** What to produce **
Hunt through the lines below for the string "thumbnail" and copy each one that has it.

Short web captions:
┄┄┄┄┄┄┄┄┄┄
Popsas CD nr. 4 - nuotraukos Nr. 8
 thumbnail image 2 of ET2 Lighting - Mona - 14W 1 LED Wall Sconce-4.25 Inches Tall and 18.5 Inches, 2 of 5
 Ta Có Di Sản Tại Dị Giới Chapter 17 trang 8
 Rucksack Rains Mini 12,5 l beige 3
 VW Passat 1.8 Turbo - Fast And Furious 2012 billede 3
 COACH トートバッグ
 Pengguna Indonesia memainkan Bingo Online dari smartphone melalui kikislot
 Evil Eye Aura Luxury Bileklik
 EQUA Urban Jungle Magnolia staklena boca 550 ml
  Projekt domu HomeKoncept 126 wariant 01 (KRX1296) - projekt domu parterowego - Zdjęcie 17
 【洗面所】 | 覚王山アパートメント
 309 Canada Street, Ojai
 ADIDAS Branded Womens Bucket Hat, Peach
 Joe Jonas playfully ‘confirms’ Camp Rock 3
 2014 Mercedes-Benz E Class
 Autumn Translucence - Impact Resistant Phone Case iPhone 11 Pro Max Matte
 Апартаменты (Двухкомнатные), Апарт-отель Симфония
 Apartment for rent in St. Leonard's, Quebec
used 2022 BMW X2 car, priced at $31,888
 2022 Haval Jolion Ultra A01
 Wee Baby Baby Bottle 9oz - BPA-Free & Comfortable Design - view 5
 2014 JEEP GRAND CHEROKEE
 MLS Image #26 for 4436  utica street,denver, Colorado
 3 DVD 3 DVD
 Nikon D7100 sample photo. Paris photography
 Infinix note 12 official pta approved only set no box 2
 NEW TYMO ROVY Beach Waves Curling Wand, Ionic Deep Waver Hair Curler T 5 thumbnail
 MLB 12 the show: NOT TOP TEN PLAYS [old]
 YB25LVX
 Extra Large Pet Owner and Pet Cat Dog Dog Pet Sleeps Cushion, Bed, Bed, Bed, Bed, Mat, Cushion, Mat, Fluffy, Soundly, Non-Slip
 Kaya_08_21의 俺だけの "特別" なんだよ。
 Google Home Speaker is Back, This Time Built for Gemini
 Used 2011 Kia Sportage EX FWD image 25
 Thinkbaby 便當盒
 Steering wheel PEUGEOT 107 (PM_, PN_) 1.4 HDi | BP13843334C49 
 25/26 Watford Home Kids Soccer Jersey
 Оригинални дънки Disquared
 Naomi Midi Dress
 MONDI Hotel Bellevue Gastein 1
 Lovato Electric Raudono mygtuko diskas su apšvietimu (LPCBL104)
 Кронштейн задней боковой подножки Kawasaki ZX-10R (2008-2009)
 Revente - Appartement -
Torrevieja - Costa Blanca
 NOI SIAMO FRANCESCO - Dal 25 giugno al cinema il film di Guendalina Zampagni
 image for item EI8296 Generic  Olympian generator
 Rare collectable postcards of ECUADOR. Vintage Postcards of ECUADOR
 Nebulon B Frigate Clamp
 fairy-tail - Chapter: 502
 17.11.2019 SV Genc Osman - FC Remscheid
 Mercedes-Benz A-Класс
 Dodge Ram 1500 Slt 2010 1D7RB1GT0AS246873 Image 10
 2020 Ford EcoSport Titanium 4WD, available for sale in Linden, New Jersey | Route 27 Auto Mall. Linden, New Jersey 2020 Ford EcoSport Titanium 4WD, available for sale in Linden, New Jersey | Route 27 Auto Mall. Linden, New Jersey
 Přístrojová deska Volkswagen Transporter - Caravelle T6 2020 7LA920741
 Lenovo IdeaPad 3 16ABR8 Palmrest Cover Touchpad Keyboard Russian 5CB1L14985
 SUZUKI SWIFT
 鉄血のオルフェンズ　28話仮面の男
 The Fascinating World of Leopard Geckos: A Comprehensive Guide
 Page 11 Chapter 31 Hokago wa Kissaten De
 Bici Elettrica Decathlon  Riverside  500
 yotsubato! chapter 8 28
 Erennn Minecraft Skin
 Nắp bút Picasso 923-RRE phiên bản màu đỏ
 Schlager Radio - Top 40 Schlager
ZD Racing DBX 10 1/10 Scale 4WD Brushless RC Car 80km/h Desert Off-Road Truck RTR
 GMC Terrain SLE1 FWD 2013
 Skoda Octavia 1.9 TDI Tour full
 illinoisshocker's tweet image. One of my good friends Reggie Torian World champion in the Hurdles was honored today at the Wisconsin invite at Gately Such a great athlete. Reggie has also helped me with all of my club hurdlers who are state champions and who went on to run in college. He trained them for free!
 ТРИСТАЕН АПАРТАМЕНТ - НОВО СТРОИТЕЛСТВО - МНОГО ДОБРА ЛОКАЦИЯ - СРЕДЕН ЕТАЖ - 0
┄┄┄┄┄┄┄┄┄┄
** Solution for this exercise **
 thumbnail image 2 of ET2 Lighting - Mona - 14W 1 LED Wall Sconce-4.25 Inches Tall and 18.5 Inches, 2 of 5
 NEW TYMO ROVY Beach Waves Curling Wand, Ionic Deep Waver Hair Curler T 5 thumbnail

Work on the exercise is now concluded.